LADY BIRD
Debut solitario y alado
No se me ocurre mejor metáfora de qué es la adolescencia en la película de Greta Gerwig que la afición que comparten madre e hija los domingos: visitar lujosas casas en venta por antojo. Un curioso pasatiempo puntual como el hojear de una revista en tiempo muerto. Ocurre de manera anecdótica y sencilla, las vemos a las dos en el nómada ejercicio de pasear vidas soñadas, de soñar con nuevos espacios que superen su realidad, con nuevas ventanas, ver la vida desde otro lugar y experimentar lo universal desde lo específico. Y es que Lady Bird es una huida y una búsqueda, porque escapar del yo presente es jugar a reencontrarse en algún momento en fuga. En pleno año de transición entre el instituto y la universidad, Christine “Lady Bird” McPherson disfruta el menú completo de una persona de 17 años que quiere probarlo todo, o, por lo menos, todo lo que tiene a su alcance: los entresijos de la amistad, el amor, el desengaño amoroso, el sexo, los conflictos familiares y la responsabilidad de cruzar al otro lado del espejo. Más allá de “Lady Bird”, entre comillas (su auto-bautismo) está ganarse el nombre que le dieron sus padres: Christine. Ser adulto es mirarse sin comillas, sin disfraz; reconocerse.

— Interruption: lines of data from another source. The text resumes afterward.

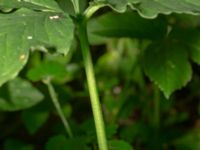 Arisaema amurense Hisingsparken, Göteborg, Västergötland, Sweden 20190716_0523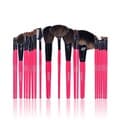 Shany NY Collection 22-piece Makeup Brush Kit with Pouch
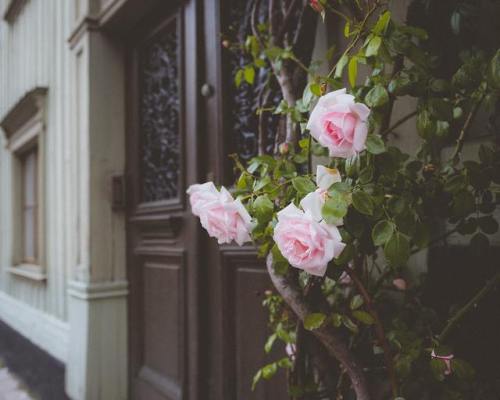 What a beautiful doorway, I’d love to live here…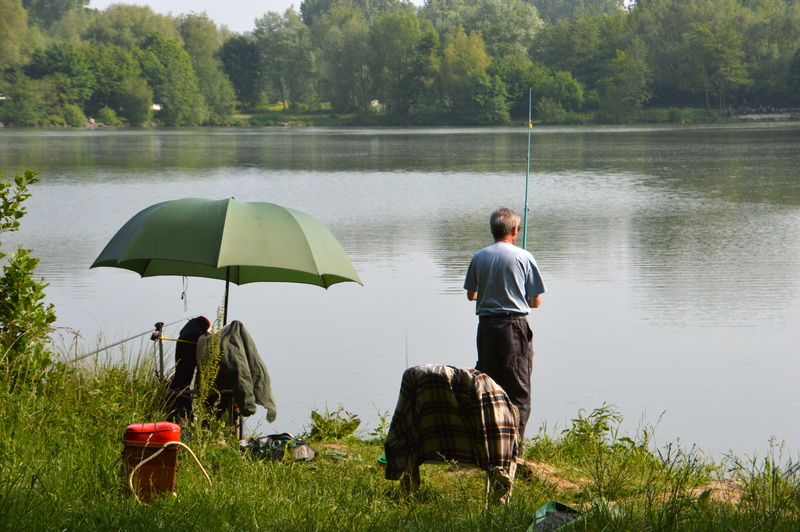 water, pike, fly fishing, trout fishing, tree, fishing for pike, beauty in nature, entertainment, boot, fishing cap, carp fishing, plant, day, fisherman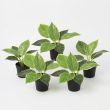 5x Kunst-Philodendron Birkin - 20 cm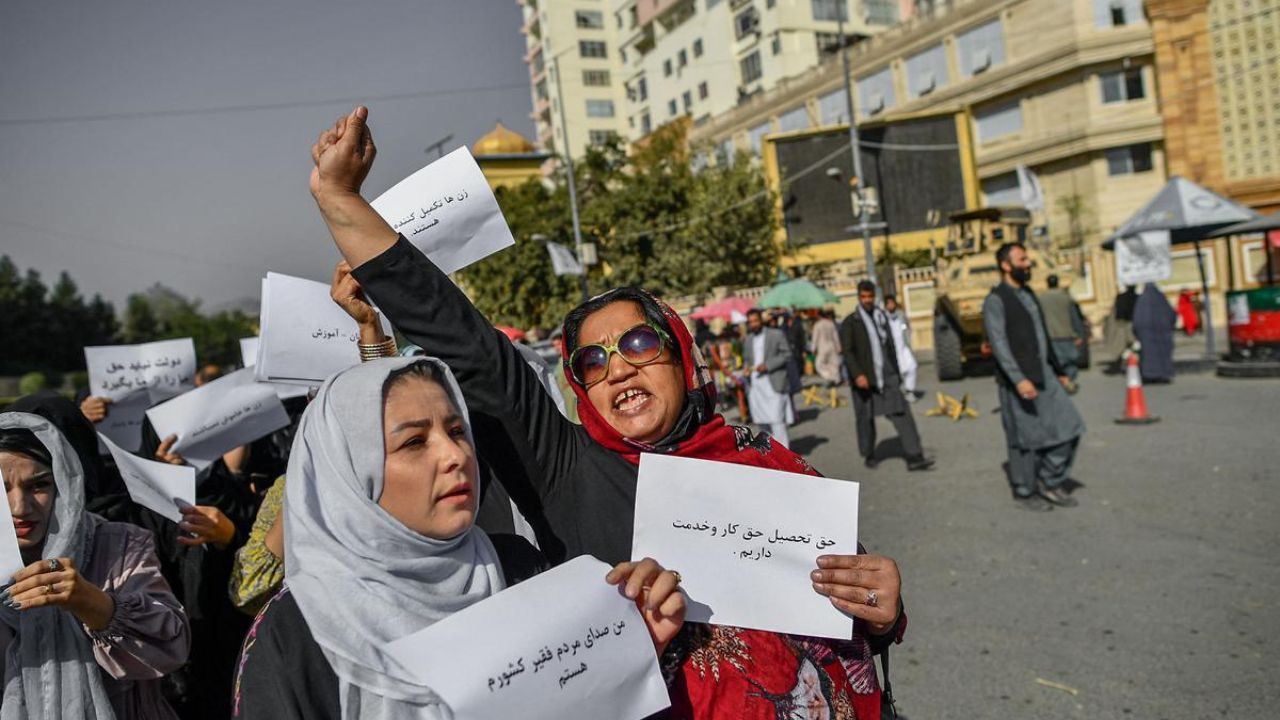 Copie de dbmedias photos (7)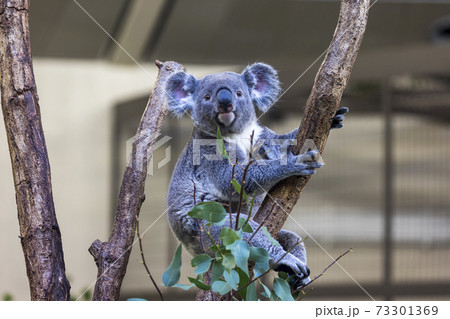多摩動物公園 コアラ / Koala 多摩動物公園 コアラ / Koala 73301369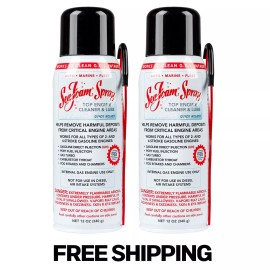 Sea Foam Spray Intake Valve and Upper Engine Cleaner SS14 12 oz Pack of 2
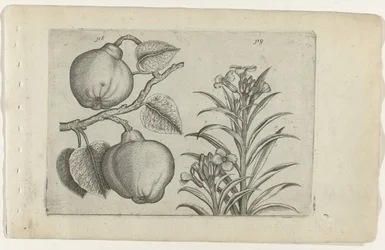 Kweepeer och muurbloem Cognoscite Lily (serietitel)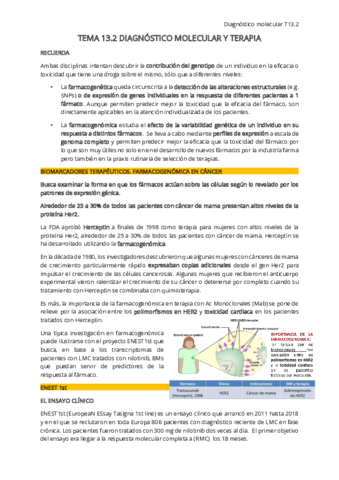 T13.pdf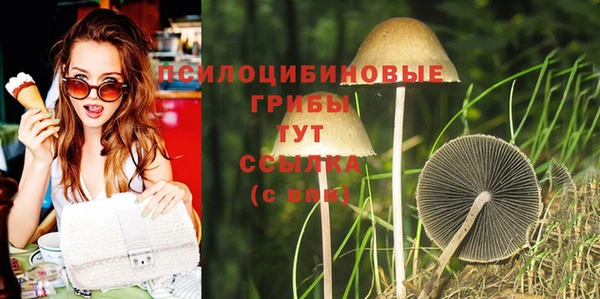МДПВ Абдулино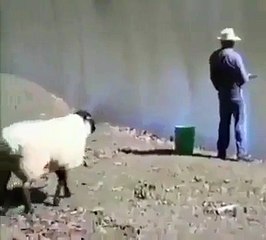 Angry Sheep Hitting A Man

Lady Bird observa todo lo que ocurre en su Sacramento natal, el mismo Sacramento de Greta Gerwig . Ama y odia a partes iguales, ríe y llora con la misma equidad y se muestra tan impulsiva como calculadora. Interpretada por Saoirse Ronan, con la inocente mirada de la adolescencia y con una frescura abrumadora, se convierte en la prolongación tras las cámaras de Greta Gerwig en su primer proyecto en solitario como directora. La película completa un singular tríptico que Gerwig ya había empezado a pintar como guionista y actriz principal en dos películas anteriores dirigidas por Noah Baumbach: primero con Frances Ha (2012), una obra que guarda la semilla del movimiento mumblecore, y después, con Mistress America (2015), una screwball contemporánea. Las dos películas habitan el Nueva York futuro por el que se desvive Christine en Lady Bird, ese lugar paradigmático, estandarte de la cultura y escaparate de gran ciudad que viste los delirios de todo joven con aspiraciones.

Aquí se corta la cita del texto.